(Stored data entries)

▽

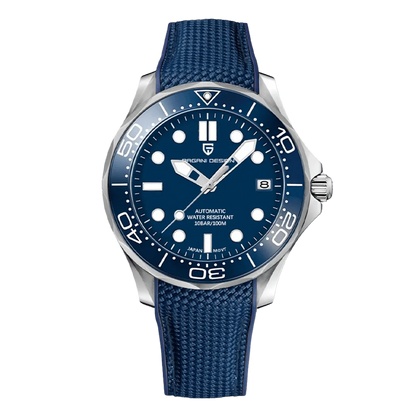 PAGANI DESIGN PD-1667 - 42mm - Plava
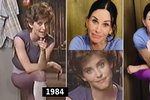 Courteney Cox natočila novou verzi stařičké reklamy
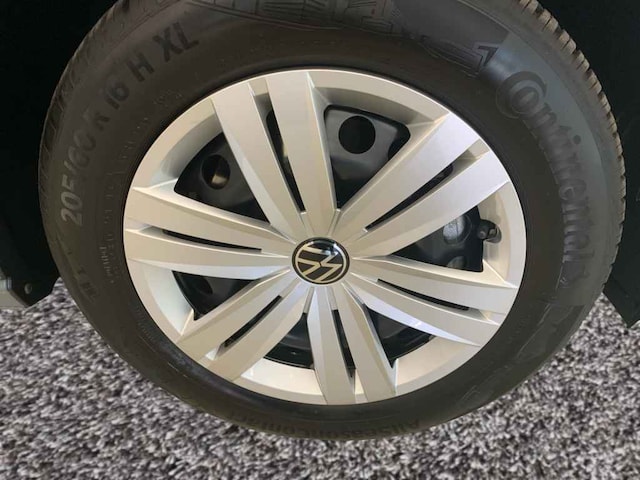 Volkswagen Caddy Caddy 1,5 TSI *NAVI*AHK*LED*ACC*DIGITAL*R-CAM*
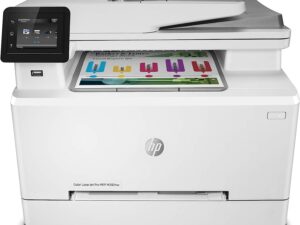 IMPRIMANTE MFP M282NW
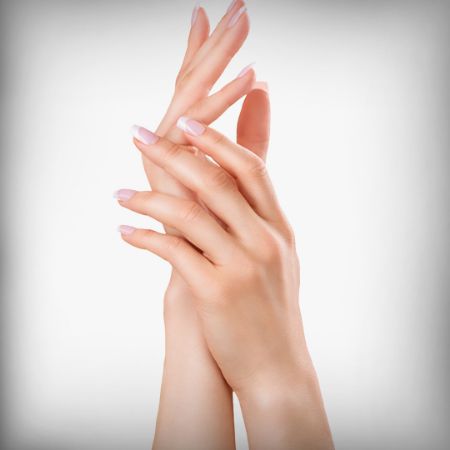 Picture for category Hand & Foot Care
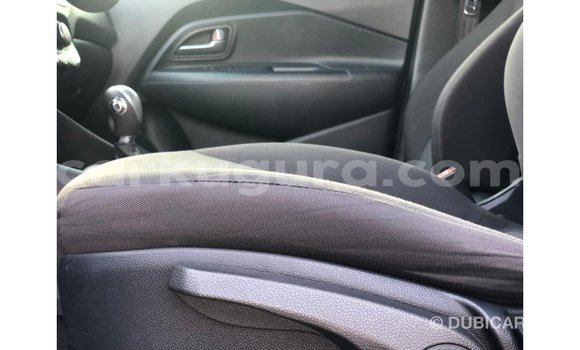 Buy Import Kia Rio Black Car in Import - Dubai in Bujumbura Buy Import Kia Rio Black Car in Import - Dubai in Bujumbura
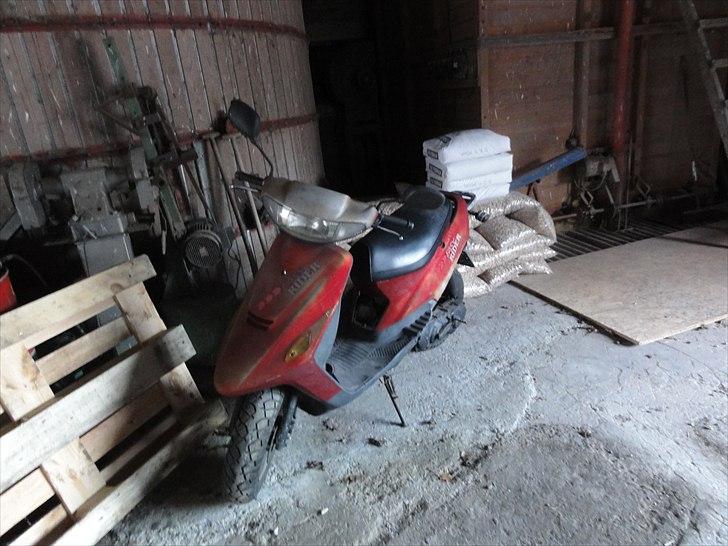 Kreidler Easy rider [Bytte] billede 1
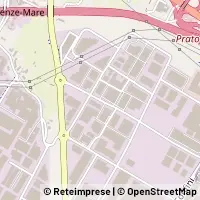 Kaart Prato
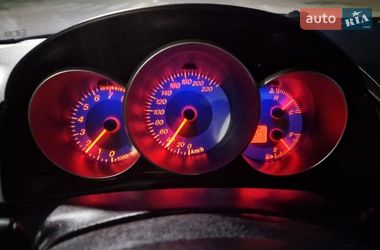Хэтчбек Mazda 3 2006 в Киеве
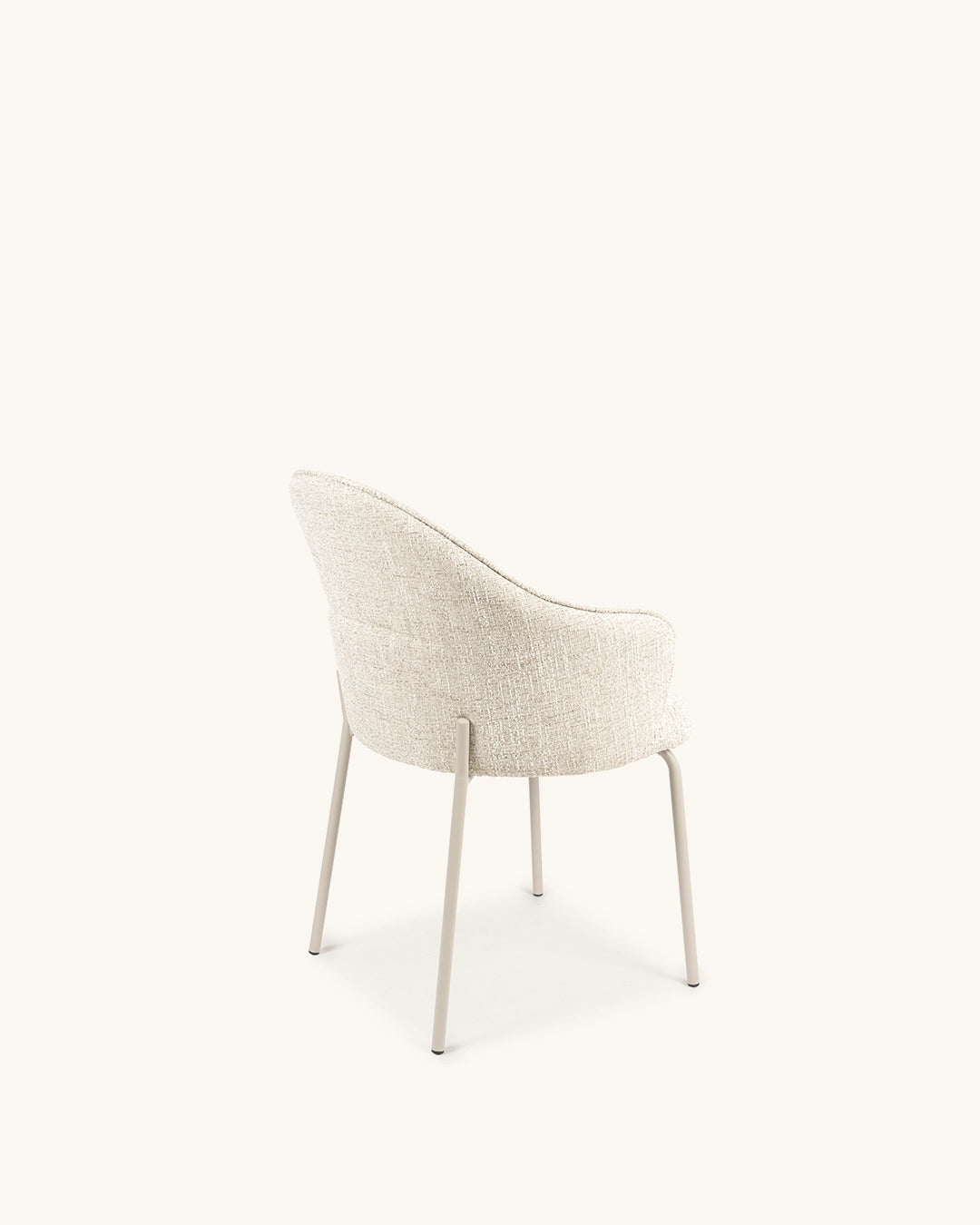 Melissa // Beige-beige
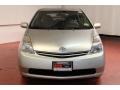 Millenium Silver Metallic - Prius Hybrid Photo No. 2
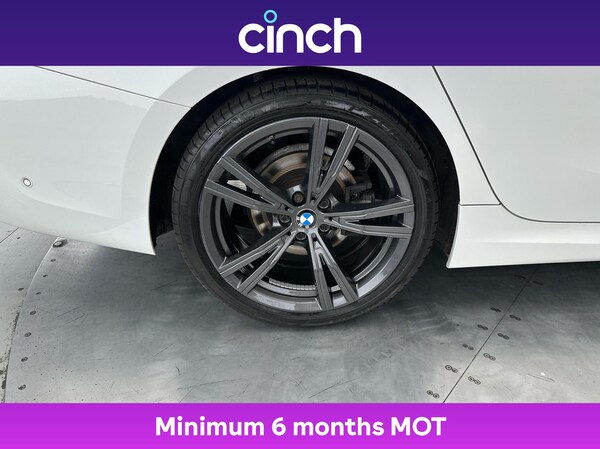 Used BMW 3 Series 2021 for sale - 75607858: Photo 27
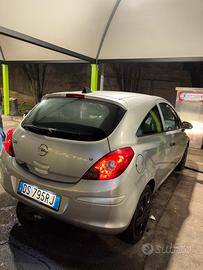 Opel Corsa 1.2 3p Sport  (80CV) 2008 Benzina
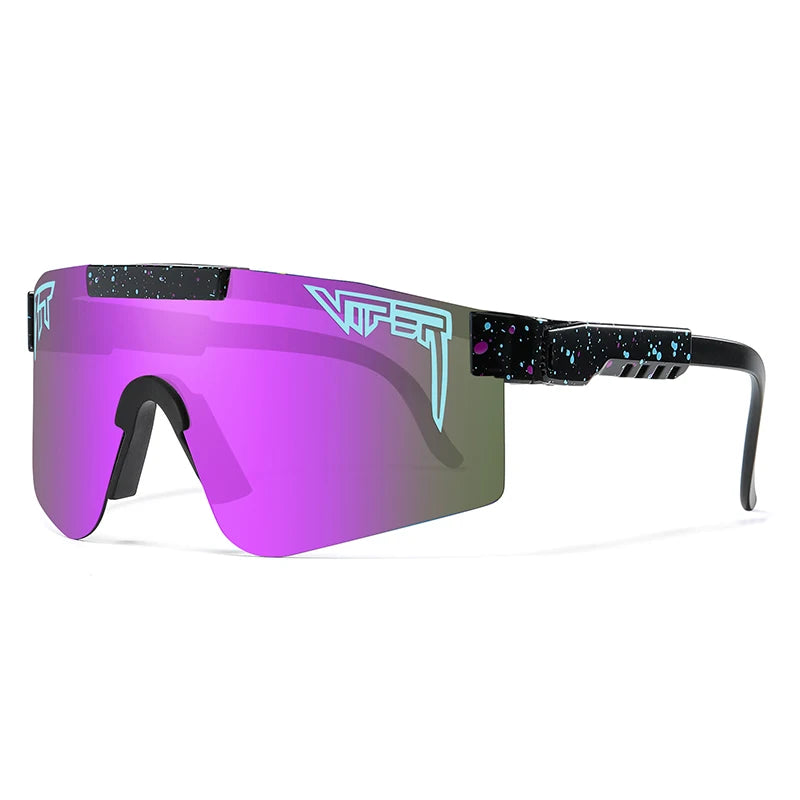 Equipaje Montaña - Gafas de senderismo para hombres y mujeres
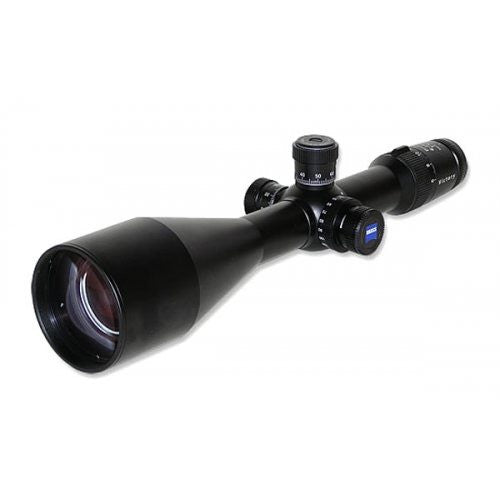 Zeiss Victory FL 6-24x72 ill. Ret. 60 ASV - "Mörkö Zeiss"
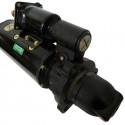 Case A47500 Starter Motor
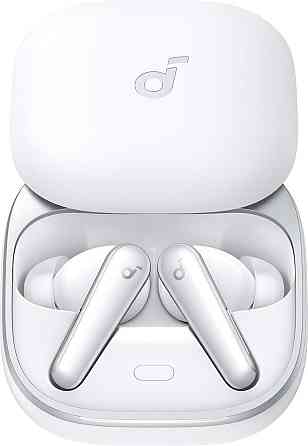 Bluetoothгарнітура Anker SoundCore Liberty 5 ANC White (A3957G21) Білий Харків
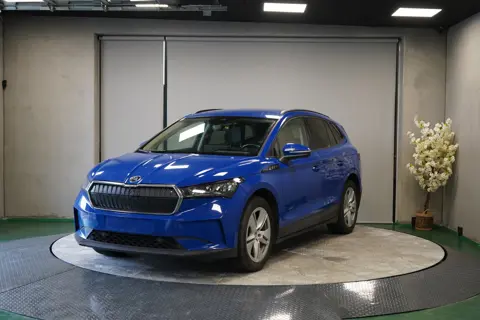 Skoda Enyaq 60 Loft 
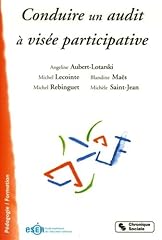 Conduire audit visée d'occasion  Livré partout en Belgiqu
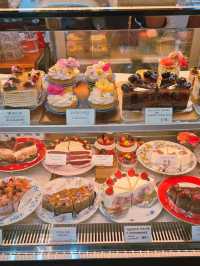 ⭐ Mali Cakery Homemade – ขอนแก่น 🍰⭐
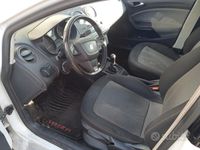 usata Seat Ibiza 3ª serie - 2013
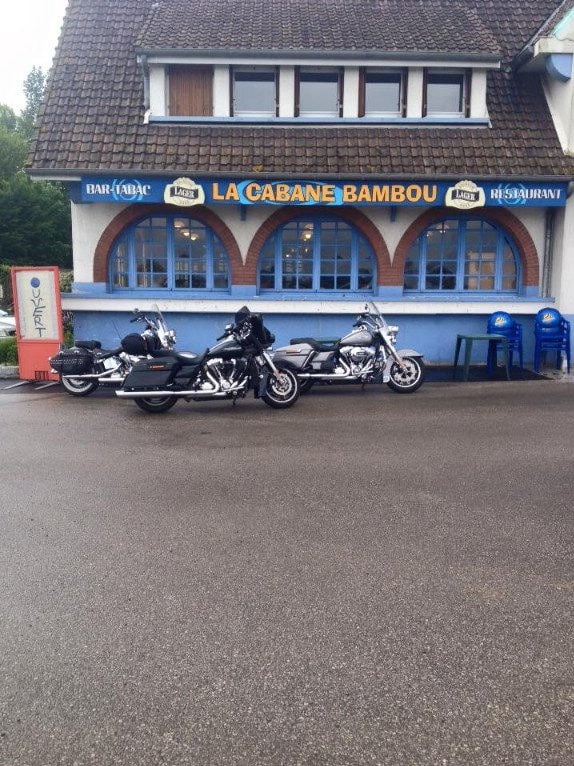 Cabane Bambou — photo 2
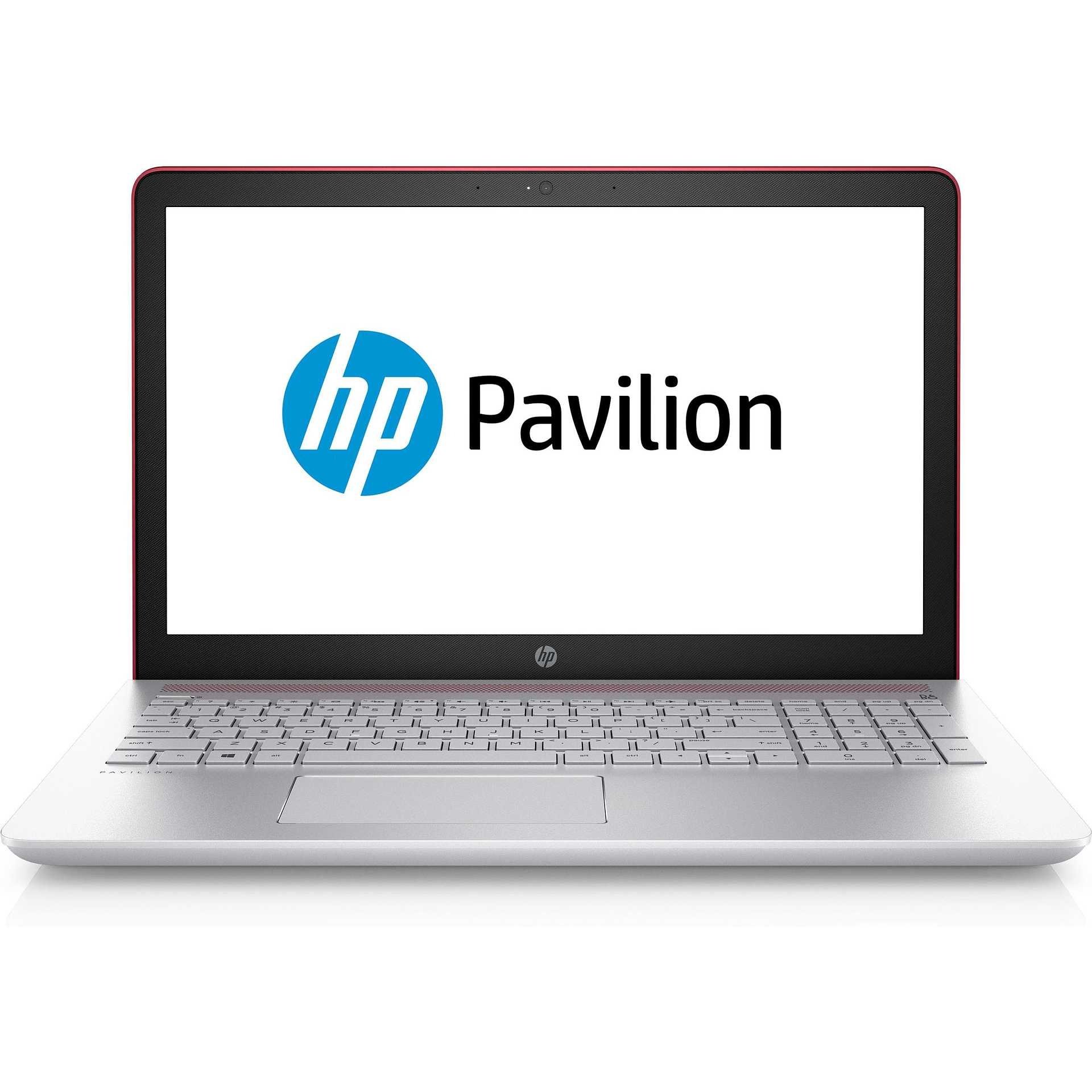 Ноутбук HP Pavilion 15-cc112ur (3DL78EA) фото 2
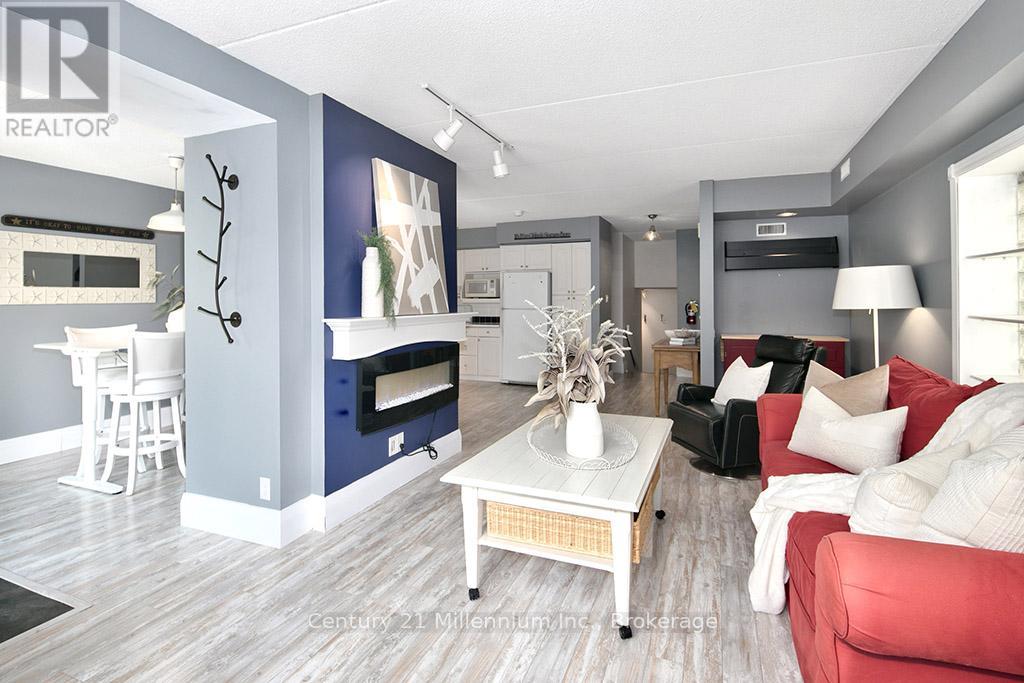 121 - 796404 Grey Road 19, Blue Mountains, Ontario  L9Y 0N8 - Photo 9 - X12263738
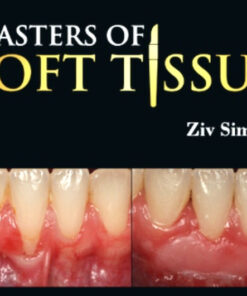 The SurgicalMaster - Masters of Soft Tissue – Ziv Simon 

△

** Exercise description **
The range to print runs from the line with "Ноутбук HP Pavilion" through the last line of the entries, both included; keep it exact and skip the pictures.

** Task response **
 Ноутбук HP Pavilion 15-cc112ur (3DL78EA) фото 2
 121 - 796404 Grey Road 19, Blue Mountains, Ontario  L9Y 0N8 - Photo 9 - X12263738
 The SurgicalMaster - Masters of Soft Tissue – Ziv Simon 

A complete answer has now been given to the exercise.